By Cantor Deborah Katchko-Gray
There are more questions than answers.
Perhaps there are no good answers anyway, but we must ask the questions to remain human.
Elie Wiesel of blessed memory was the teacher of teachers, our modern day prophet who dared ask questions and dared to admit there are no good answers. His answer was to remember — remember the victims, remember the history of the victims and yet, reject despair and continue to hope.

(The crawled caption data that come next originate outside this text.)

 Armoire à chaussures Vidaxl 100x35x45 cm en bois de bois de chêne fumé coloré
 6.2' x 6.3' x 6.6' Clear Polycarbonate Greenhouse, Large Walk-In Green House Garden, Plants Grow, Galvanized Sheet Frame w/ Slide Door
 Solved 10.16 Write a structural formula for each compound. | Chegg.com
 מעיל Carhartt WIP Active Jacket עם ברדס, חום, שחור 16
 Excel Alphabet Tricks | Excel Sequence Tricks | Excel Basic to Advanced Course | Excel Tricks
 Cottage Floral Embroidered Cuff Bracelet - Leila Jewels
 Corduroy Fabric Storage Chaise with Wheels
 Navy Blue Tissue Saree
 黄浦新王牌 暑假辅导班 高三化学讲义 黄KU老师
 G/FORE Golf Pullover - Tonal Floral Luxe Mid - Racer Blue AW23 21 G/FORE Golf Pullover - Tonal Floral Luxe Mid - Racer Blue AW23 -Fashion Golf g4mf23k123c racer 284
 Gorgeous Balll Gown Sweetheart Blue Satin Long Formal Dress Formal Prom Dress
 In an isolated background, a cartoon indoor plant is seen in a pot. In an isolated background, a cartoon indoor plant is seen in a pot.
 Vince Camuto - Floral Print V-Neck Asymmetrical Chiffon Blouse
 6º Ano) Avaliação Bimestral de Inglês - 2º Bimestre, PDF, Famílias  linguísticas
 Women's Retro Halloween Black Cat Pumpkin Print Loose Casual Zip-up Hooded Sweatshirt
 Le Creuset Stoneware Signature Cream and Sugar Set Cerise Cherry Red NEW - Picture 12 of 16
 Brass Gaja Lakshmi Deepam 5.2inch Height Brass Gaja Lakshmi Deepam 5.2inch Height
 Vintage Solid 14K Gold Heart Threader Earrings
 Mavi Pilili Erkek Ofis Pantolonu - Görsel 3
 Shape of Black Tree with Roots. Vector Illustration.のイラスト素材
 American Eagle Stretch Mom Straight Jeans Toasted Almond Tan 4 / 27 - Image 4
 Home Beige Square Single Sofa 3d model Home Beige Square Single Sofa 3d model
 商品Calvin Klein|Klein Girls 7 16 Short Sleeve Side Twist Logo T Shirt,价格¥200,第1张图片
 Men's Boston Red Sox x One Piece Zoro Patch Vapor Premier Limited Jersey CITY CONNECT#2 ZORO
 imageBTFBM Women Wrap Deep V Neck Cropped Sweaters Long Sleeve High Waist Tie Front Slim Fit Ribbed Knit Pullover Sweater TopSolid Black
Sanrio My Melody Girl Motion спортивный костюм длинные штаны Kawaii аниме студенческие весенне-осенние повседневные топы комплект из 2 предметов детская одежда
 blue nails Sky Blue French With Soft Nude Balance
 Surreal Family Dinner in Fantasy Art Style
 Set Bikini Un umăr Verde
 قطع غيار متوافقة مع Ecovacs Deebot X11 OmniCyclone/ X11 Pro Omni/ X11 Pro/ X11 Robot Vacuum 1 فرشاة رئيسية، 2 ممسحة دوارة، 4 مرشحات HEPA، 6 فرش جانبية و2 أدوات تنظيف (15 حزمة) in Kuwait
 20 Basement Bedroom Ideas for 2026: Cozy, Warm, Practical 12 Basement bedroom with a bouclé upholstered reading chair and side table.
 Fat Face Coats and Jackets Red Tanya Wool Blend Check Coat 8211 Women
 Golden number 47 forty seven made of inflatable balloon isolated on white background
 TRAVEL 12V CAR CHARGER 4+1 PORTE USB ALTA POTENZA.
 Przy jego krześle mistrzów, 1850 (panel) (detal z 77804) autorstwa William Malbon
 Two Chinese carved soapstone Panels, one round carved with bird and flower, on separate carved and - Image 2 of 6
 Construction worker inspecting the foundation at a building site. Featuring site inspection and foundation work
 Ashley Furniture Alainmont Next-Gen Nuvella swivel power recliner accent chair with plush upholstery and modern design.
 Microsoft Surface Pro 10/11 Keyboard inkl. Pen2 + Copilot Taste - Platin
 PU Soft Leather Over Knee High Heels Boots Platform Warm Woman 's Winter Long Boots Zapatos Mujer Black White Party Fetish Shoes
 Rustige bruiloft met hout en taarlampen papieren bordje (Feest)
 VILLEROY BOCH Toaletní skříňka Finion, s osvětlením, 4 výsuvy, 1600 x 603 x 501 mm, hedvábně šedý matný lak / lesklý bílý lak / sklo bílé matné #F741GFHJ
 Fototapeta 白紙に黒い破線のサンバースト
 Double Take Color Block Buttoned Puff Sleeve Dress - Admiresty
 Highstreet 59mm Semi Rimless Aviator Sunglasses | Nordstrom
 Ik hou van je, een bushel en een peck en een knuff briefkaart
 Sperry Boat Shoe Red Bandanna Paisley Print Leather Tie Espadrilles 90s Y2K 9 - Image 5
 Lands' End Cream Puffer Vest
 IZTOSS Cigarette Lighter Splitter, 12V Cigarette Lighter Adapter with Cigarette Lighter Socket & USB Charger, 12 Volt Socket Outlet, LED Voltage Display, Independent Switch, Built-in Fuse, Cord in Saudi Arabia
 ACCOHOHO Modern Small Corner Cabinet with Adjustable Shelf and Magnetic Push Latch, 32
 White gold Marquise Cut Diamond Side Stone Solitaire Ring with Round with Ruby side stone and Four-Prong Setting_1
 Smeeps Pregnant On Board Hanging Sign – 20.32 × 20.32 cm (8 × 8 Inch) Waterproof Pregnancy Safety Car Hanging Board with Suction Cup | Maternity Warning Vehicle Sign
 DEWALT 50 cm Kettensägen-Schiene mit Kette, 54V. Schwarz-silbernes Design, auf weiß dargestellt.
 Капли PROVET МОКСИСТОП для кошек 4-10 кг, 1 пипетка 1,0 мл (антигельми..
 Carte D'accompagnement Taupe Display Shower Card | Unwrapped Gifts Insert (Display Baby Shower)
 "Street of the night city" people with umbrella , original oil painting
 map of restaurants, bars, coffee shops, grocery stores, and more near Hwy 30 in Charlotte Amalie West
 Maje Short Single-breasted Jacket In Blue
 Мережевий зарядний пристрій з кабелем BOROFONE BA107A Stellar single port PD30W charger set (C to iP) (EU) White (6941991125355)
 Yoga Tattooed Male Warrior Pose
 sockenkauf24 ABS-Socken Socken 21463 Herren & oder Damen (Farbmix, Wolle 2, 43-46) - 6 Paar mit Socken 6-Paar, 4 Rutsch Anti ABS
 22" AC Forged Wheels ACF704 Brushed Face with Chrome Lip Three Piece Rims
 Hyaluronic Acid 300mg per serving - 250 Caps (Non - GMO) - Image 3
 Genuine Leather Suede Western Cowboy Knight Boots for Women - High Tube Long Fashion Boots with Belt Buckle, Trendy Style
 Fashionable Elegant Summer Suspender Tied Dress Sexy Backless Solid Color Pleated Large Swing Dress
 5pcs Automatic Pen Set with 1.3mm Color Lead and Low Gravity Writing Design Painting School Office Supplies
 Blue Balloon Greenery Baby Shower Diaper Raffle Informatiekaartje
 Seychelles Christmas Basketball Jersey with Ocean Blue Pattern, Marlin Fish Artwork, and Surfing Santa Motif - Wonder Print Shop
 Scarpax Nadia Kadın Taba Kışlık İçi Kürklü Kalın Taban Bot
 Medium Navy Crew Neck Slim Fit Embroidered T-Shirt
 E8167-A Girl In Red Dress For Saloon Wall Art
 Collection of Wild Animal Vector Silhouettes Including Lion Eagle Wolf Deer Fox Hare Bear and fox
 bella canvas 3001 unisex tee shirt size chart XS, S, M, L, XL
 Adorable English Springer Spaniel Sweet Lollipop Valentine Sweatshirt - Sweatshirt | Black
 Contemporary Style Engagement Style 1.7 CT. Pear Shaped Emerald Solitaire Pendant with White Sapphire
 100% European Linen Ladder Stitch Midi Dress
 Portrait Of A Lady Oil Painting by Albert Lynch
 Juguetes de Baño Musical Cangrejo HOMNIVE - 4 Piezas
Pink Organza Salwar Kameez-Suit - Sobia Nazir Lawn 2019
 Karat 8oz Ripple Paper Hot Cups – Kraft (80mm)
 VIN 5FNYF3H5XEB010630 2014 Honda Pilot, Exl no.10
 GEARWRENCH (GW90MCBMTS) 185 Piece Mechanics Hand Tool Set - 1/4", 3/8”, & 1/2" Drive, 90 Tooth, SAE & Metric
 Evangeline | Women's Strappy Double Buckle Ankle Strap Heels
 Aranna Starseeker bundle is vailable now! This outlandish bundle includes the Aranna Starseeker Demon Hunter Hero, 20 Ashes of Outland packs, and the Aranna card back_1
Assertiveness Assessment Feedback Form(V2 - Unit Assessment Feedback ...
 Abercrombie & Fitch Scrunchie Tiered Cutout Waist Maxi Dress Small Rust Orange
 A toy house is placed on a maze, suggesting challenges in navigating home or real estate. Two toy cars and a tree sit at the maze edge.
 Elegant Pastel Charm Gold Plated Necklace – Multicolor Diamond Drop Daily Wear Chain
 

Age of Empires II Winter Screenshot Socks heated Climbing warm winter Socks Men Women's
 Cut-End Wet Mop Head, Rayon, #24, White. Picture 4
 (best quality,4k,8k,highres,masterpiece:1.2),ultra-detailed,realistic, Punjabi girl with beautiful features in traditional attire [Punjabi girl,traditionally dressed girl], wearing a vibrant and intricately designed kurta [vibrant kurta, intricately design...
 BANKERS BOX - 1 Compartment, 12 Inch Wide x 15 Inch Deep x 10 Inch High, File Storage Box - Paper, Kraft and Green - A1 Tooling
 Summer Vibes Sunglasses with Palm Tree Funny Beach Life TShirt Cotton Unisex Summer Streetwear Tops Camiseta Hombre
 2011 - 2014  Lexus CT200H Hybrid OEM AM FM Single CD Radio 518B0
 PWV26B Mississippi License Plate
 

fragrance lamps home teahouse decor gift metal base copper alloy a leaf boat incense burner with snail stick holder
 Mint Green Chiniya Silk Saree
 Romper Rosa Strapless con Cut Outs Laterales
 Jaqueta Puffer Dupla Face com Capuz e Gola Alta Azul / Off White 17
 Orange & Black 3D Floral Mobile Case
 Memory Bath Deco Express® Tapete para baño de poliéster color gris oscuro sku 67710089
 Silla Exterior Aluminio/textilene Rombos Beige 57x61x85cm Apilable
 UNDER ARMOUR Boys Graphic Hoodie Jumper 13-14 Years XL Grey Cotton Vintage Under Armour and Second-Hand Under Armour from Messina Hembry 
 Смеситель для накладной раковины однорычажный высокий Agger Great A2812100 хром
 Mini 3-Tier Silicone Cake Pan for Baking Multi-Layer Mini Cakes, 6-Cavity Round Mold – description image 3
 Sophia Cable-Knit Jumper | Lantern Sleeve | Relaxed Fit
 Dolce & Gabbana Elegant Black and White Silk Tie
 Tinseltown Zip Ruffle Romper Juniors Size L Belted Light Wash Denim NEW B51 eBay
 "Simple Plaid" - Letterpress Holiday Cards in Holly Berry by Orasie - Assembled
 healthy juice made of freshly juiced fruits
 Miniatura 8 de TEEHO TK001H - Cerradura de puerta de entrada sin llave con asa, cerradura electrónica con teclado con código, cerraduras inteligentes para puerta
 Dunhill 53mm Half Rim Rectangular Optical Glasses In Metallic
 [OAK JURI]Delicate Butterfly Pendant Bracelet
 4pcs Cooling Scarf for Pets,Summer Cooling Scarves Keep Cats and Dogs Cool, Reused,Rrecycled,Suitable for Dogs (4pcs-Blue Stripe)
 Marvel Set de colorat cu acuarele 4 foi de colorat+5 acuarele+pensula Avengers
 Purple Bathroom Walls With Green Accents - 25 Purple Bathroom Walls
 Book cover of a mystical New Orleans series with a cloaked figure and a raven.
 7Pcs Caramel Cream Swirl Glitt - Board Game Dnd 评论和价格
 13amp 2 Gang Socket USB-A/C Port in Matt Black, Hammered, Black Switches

Prof. Avinoam Patt of the University of Hartford Greenberg Center for Judaic Studies presented an excellent workshop at the Museum of Jewish Heritage last November. He acknowledged “the enormous challenge of teaching the Holocaust, and the sacred burden of memory.” He focused on literature, diaries, memoirs and fiction to help students develop empathy:
The Diary of Chaim Kaplan shares fears, rumors, and the struggle of daily life. In l940, Chaim Kaplan thought this is the worst it could get, having no idea what was lying ahead in the concentration camps. In the face of life and death, remarkably the ghetto library still celebrated the loan of the 100,000th book.
In A Diary in the Vilna Ghetto, Hermann Kruk shared, “Today there was a celebration in the ghetto- the loan of the 100,00th book from the ghetto library…reading books in the ghetto is the biggest treat there is. Books link us to freedom; books connect us to the world.”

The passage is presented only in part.